Don’t worry, I’m not going to put any of the perfectly applicable .gifs of David Tennant in here, I don’t want the office to be completely awash with tears.
So today is my last day at The Mary Sue, although I hope it won’t be the last day my byline appears on the site. I leave you in the superlatively capable hands of Jill Pantozzi, Victoria McNally, Carolyn Cox, Sam Maggs, Dan Van Winkle, and Alanna Bennett. What’s next? Well, I’m sorry to do this to you, but you’ll have to tune in next time. I’m very excited about where things are going, but I’d like to keep those developments on the down low for a little while, and give myself a little break from the internet. I can promise you’ll only have to wait until the beginning of March. And if you’d like to make sure that you keep tabs on me, I’m on Twitter and Tumblr as @nerdgerhl, I tweet about Lord of the Rings events @onthisdayinLotR (where things are about to get REALLY REAL, guys, ohmigosh), and I’m still co-editing Mathom House, a magazine that’s only about interesting things, but believes that everything is interesting. I also sing in an amateur nerdy a capella group, if you can believe that.

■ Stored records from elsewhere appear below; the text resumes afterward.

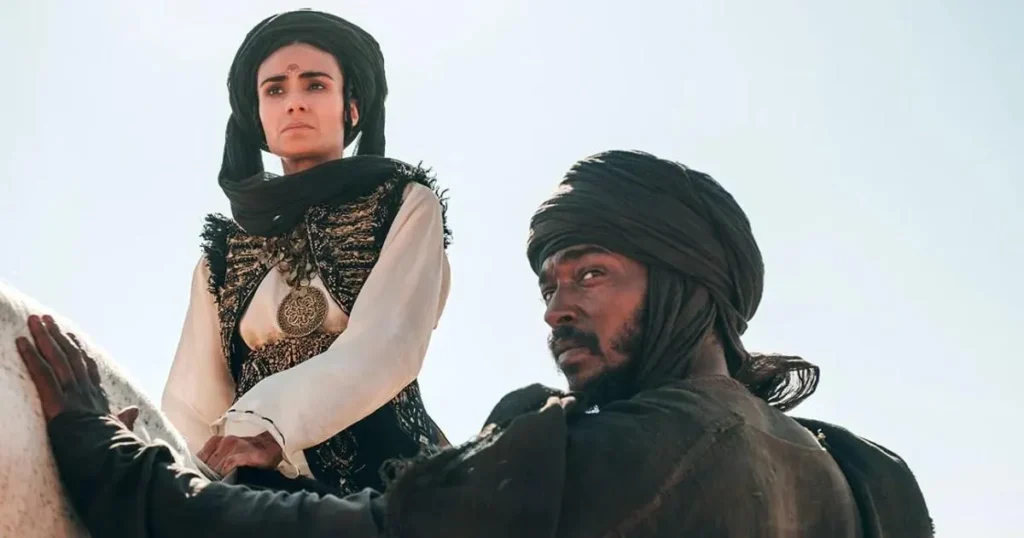 Yelzkizi anthony mackie’s $150m saudi-funded “” is bombing: box office numbers, budget, and why it’s being called a historic flop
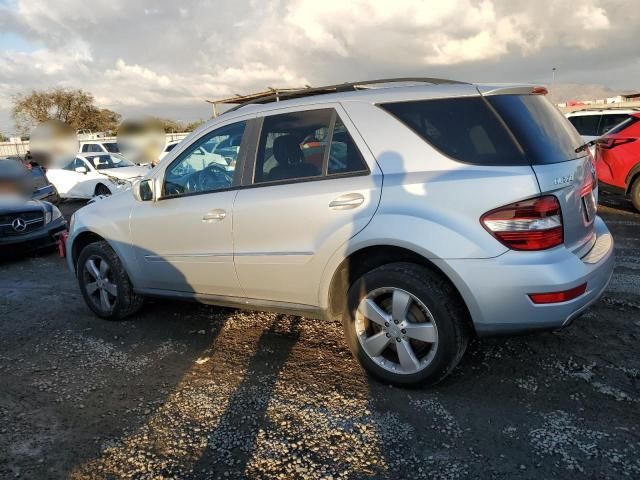 2009 Mercedes-Benz ML 350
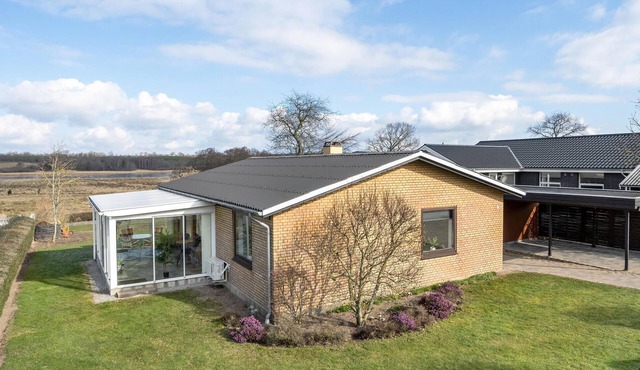 3 bedroom beautiful home in Haderslev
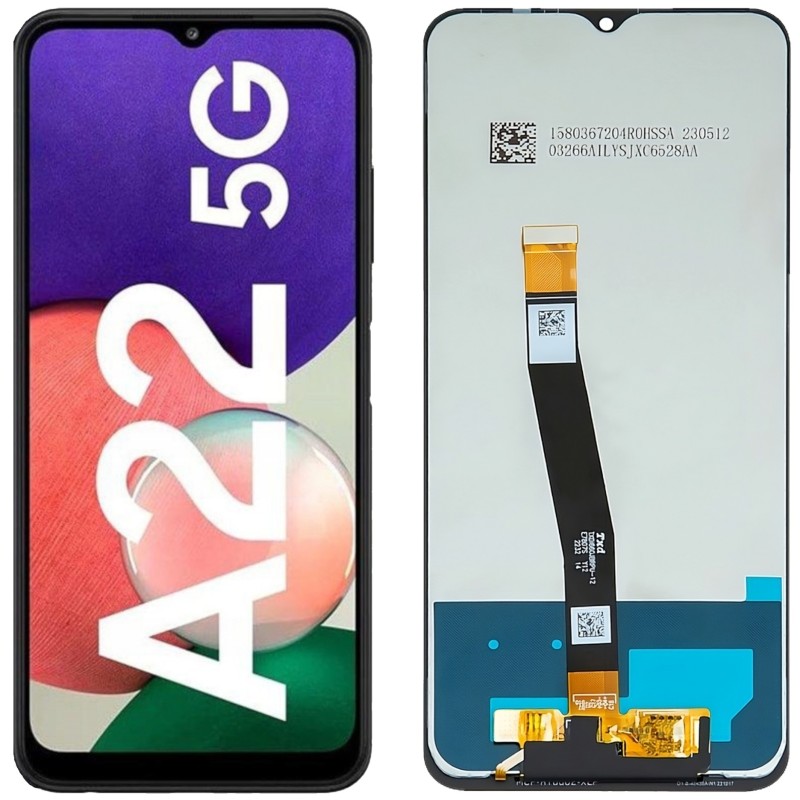 Samsung A22 5G LCD Aftermarket - Niska cena na mobilepart.pl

I joked on Twitter a little while ago that if this article, which has been quoted by a lot of people in some deeply flattering places, was my online legacy, I wouldn’t have a lot to complain about. The internet makes it very easy for us to assume we know everything about a person, whether it’s how nerdy they really are or how much is going on behind the scenes, and in the spirit of that article, if I’ve got anything to leave you all with, it’s to be kind. To your editors and to your fellow commenters and community members.
We often use this phrase on the site when people whose work has had a big impact on our lives reach the end of theirs, but I hope you all won’t mind if I change the sentiment slightly and direct it at you, The Mary Sue community.
From the bottom of my heart: So long, and thanks for all the fish.